• What to do: Each line below should be retyped exactly, with no pictures.

• Captioned web image data:
- - - - -
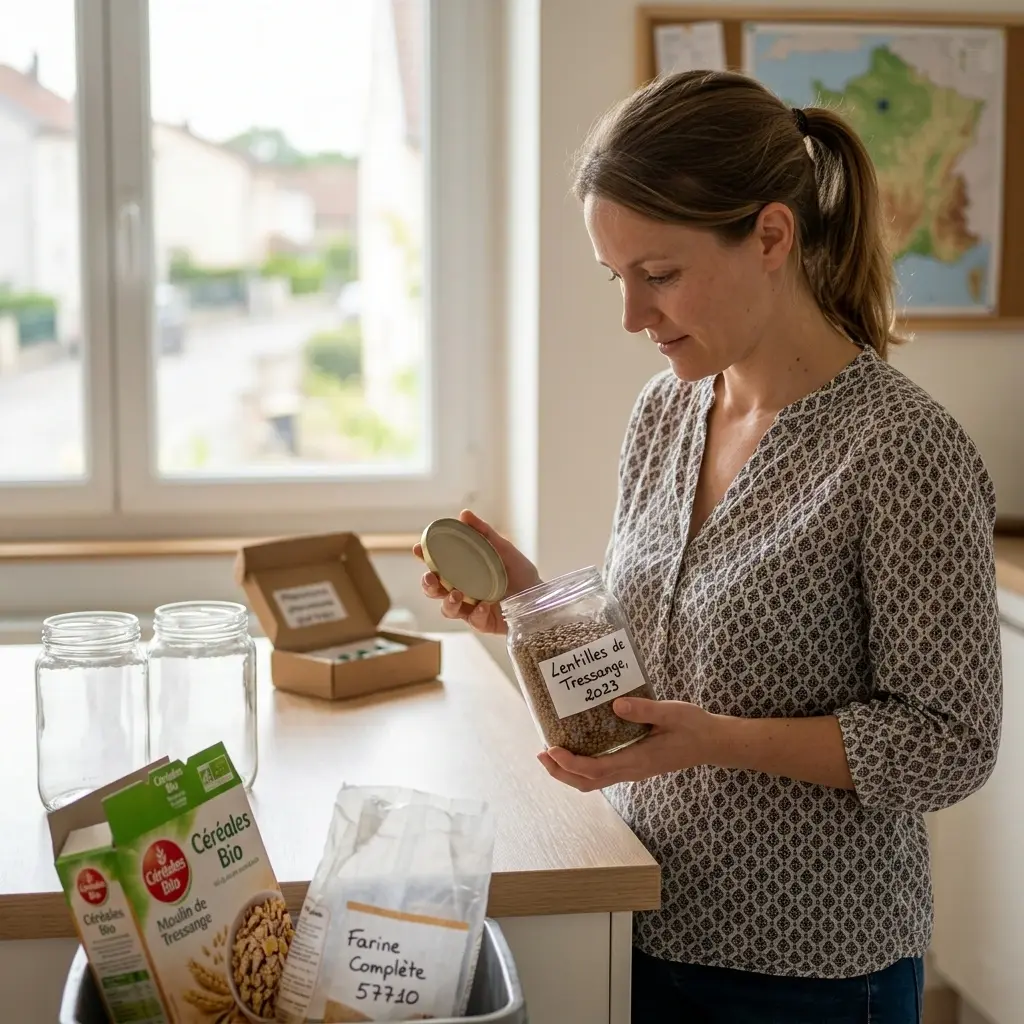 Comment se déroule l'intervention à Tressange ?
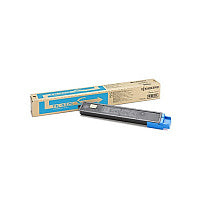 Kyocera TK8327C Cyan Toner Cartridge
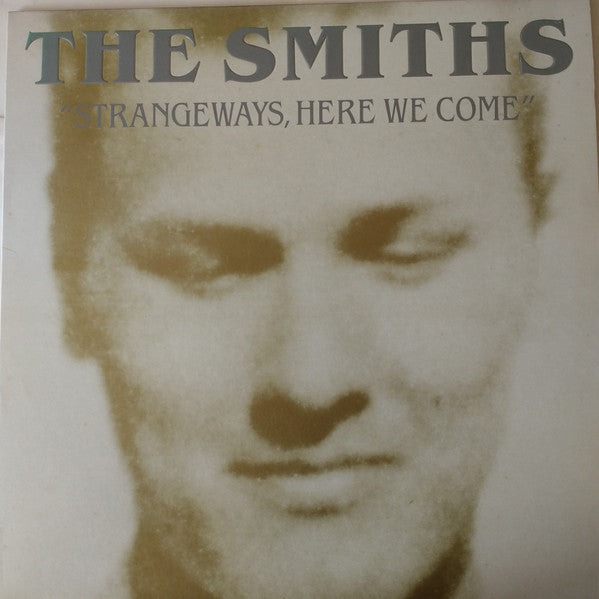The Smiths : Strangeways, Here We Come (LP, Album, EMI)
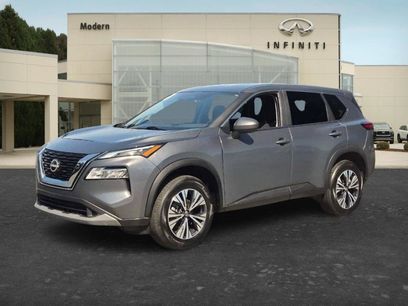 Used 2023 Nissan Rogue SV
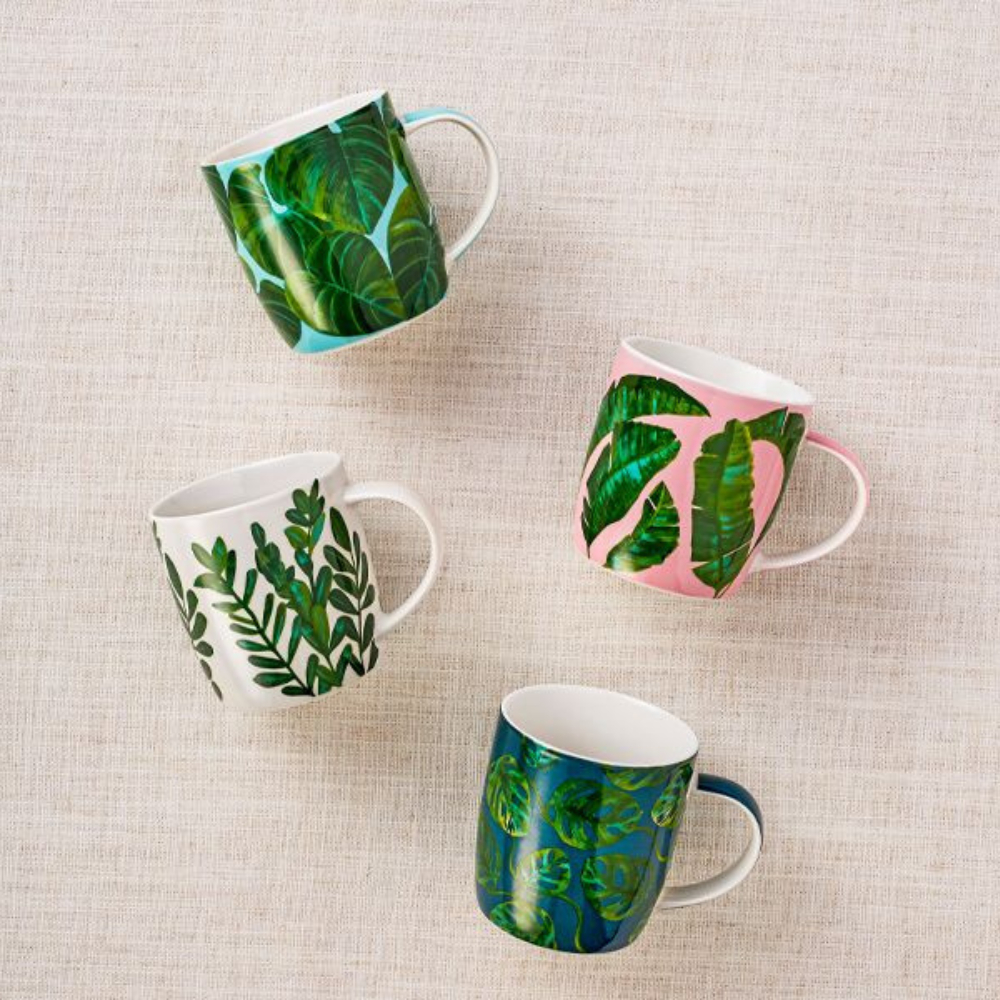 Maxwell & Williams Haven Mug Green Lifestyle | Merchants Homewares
- - - - -
• Exercise solution:
 Comment se déroule l'intervention à Tressange ?
 Kyocera TK8327C Cyan Toner Cartridge
The Smiths : Strangeways, Here We Come (LP, Album, EMI)
 Used 2023 Nissan Rogue SV
 Maxwell & Williams Haven Mug Green Lifestyle | Merchants Homewares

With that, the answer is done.